I'm in the preparation stage to roll out a few Windows 2008 R2 Server Core in my VMware ESX environment.
In looking over the documentation it looks like Server Core can operate in a little as 6.5 GB of hard drive space.
Less disk space required. A Server Core installation requires only about 3.5 gigabytes (GB) of disk space to install and approximately 3 GB for operations after the installation.
I am curious as to anyone’s real world experience and recommendations with regard to this requirement. Is it realistic?
A little bit about our environment:
Less than 25 users, and around 75 computers/servers in our current AD system. These systems will be responsible for normal AD operations and print servers for 5 printers - nothing to big here.
The base W2K8 installation Guide says that while it only needs 10GB to install but 40GB is recommended. That phrasing is significantly different to the Server Core document ["3GB is required for operations"]. I've never tried running Server Core for long with a tiny system volume but I can certainly say that running full blown Server 2008 for an extended period on less than around 40Gig plus enough space for a page file (unless it's on a different drive) is not a good idea.

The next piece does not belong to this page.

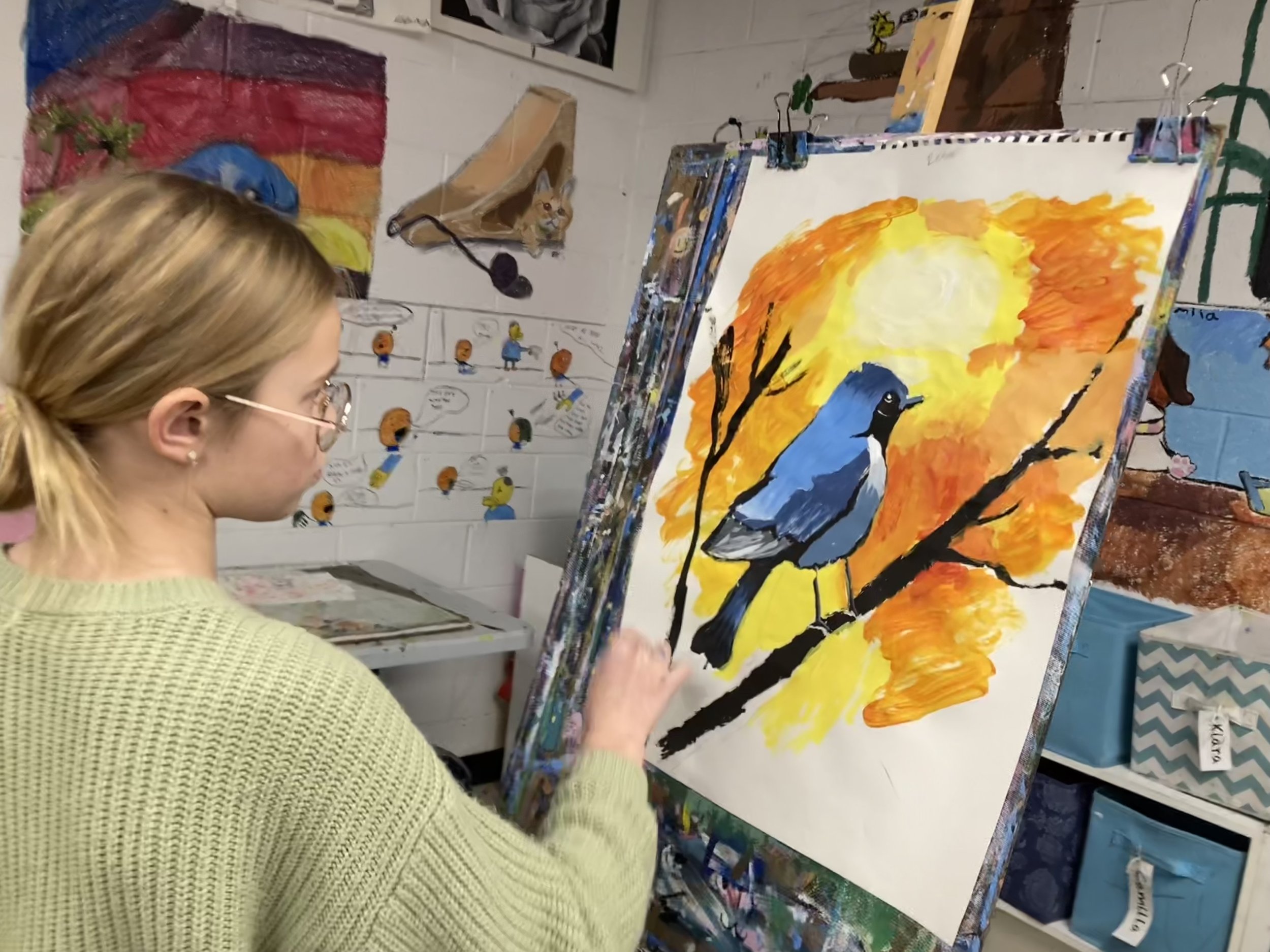 renee painting her bird.jpeg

Increasing the size of a W2K8 System drive is not difficult so you could take the risk but I wouldn't do that unless you know you will be able to increase the volume size relatively easily in future if the worst happens. The way I look at that I'd be strongly inclined to allocate the space now if space is tight. Is the 10-20GB that you're trying to save really worth it?
Server core can use less disk space but you have to pay attention to what roles you can install on server core. If you are not expanding roles, server core should be just fine. Usually I don't worry too much about disk space in a vmware environment. In general the amount of IOPS used by a vmware environment generates a spindle count that usually exceeds the space required as these days usually the smallest san drive you can buy is 146GB.